This is my FAVORITE bag of all time.   have only been at this a little while, but have traded many a things in to REI because I'm very particular.  I got this bag however and I absolutely love it!

It is a nice big bag that will hold all you need and more, not a lot of pockets so if you're one for organization I dunno how it would make you feel.

I love this bag though because I can get it to sit oh so right no matter how much gear I have in it or how little! Anything from an over-nighter (of comfort) to a thru-hike this bag will perform!

I hope it'll last forever and knowing that it's Osprey makes me think it will!

0

This pack is awesome. I'm a rather hefty 6'0" and…

Rating: rated 5 of 5 stars
Height of Owner: 6 feet
Price Paid: $200

This pack is awesome. I'm a rather hefty 6'0" and this pack feels like it just another part of my body when properly cinched in and adjusted. I have an Osprey daypack and based on the quality of that pack, I had no qualms about purchasing this as my main pack. I look forward to many years of use with it.

Just a note on one of the other reviews (written in 2007). The reviewer had two nitpicks about the pack:

"the back pocket is impossible to get into when securely cinched down as 2 of the straps are over the top of the pocket.

to use the lid as a daypack you must remove the hipbelt from the pack, a feature I never use but some may."

Both of these issues have been fixed with the 2010 model. The straps can now be re-routed to avoid blocking the pocket. Also, the daypack now has its own hipbelt so you don't have to remove the main belt.

Stay safe.

0

I was originally going to buy a Gregory Baltoro, but…

Rating: rated 4.5 of 5 stars
Design: Front/top loading
Size: 4,300 cubic inches
Number of Pockets: Don't know, haven't counted
Max. Load Carried: 45 pounds
Height of Owner: 5'11"
Price Paid: $240

I was originally going to buy a Gregory Baltoro, but noticed the weight difference between it and the Osprey and went with the Osprey Aether 70. I have used it for a multi-day section hike on the AT in Georgia and also on several shorter hikes in North Carolina and North Florida.

What I like about the pack, in addition to its 4.5 pound weight, is there are "just enough" pockets and storage places. It is neither an empty shell, like a Catalyst, nor a maze of pockets, like a Whitney. I prefer to dispense with the partition between the sleeping bag and the main compartments, so I can shove tent and/or poles down to the bottom of the pack to optimize space above. The side pockets are perfect for Nalgene 48 oz bottles - more than adequate for carrying water for meals. I personally don't like putting a hydration bladder inside my pack, because it takes up premium space and there's a spillage risk. I put mine on the outside/rear of the pack, and use the hydration sleeve inside for dirty clothes or other segregation items.

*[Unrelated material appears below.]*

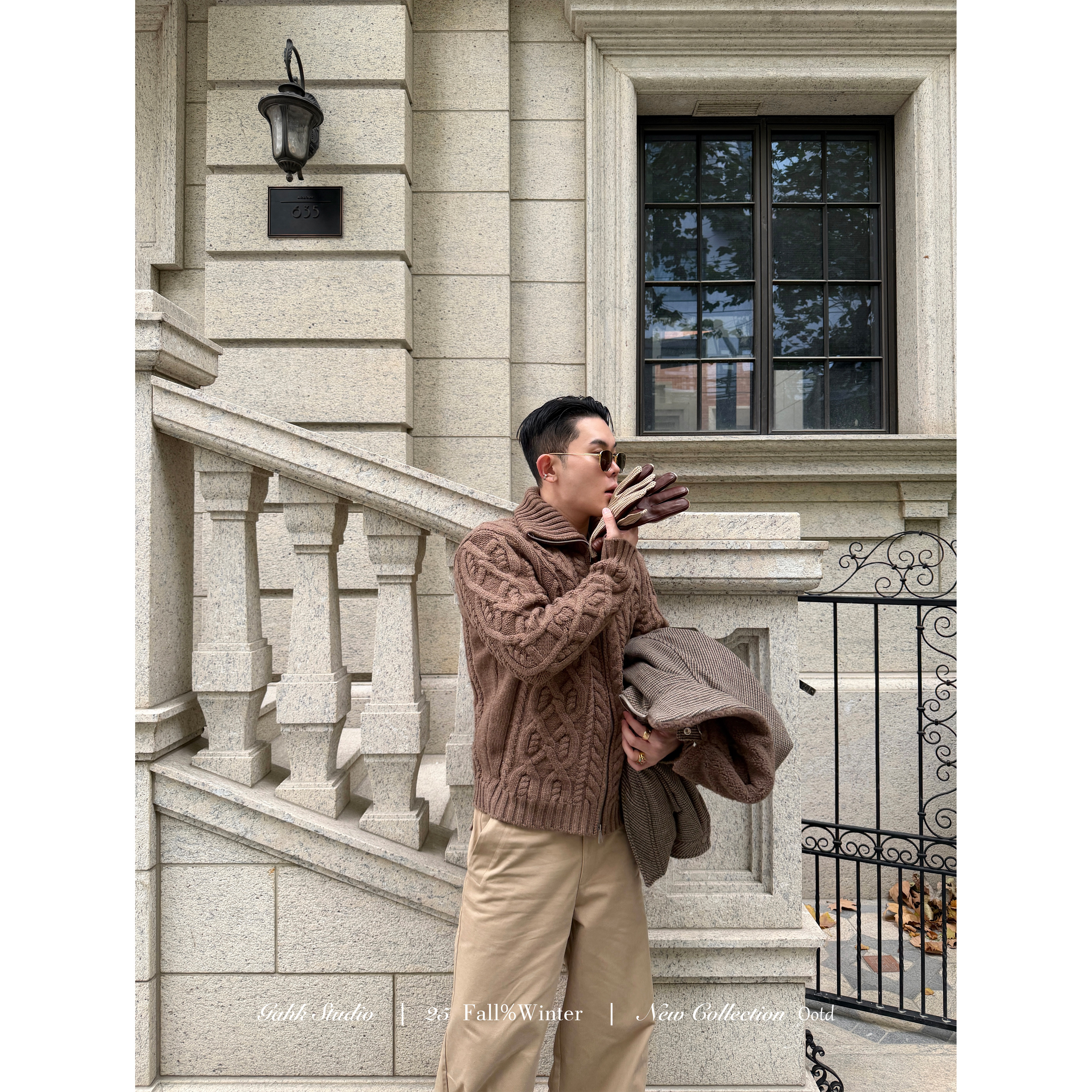 GAHKSTUDIO 25秋冬新款意式老钱粗线针织毛衣开衫加厚外套含羊毛,男装,针织衫/毛衣,淘宝优惠券,粉丝福利购,淘宝优惠卷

I agree with the other reviewer that the pocket on the back is inconvenient to find a use for. Maybe to carry camp flip-flops? I clip my Crocs with a light carabiner.

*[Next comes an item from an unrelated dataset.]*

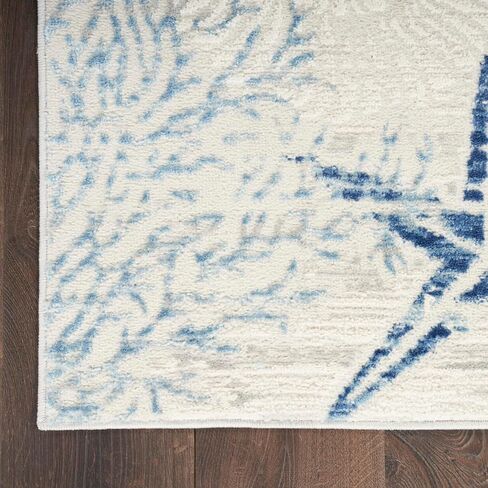 Nourison Pompeii Nature Ivory Grey Blue 9' x 12' Area -rug, Easy -cleaning, Non Shedding, Bed Room, Living Room, Dining Room, Kitchen (9x12) in Saudi Arabia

Interestingly, I did not initially like the hipbelt. I followed Osprey's advice and got an XL based on my midriff bulge. As I used the pack, it seemed to loosen up a bit, to the point that I did not feel like the load was being supported by my hips, but by my shoulders instead. I did not feel "confident" that way. So, I got a Large belt as a replacement, and I now feel the load transfer to my hips, in the same way as the (stiffer) Gregory belts.

In closing let me make three points: First, if I had it to do over again, I'd still get the Aether 70 for weight and features. Second, I like mine so much I got my wife an Ariel 65; and it fits her like it was custom-made for her. Third, if I was doing a thru-hike, like the length of the AT, I would probably opt for an Aether 85, for that extra space for food and clothing at the start of each 5 day section, between re-stocking points.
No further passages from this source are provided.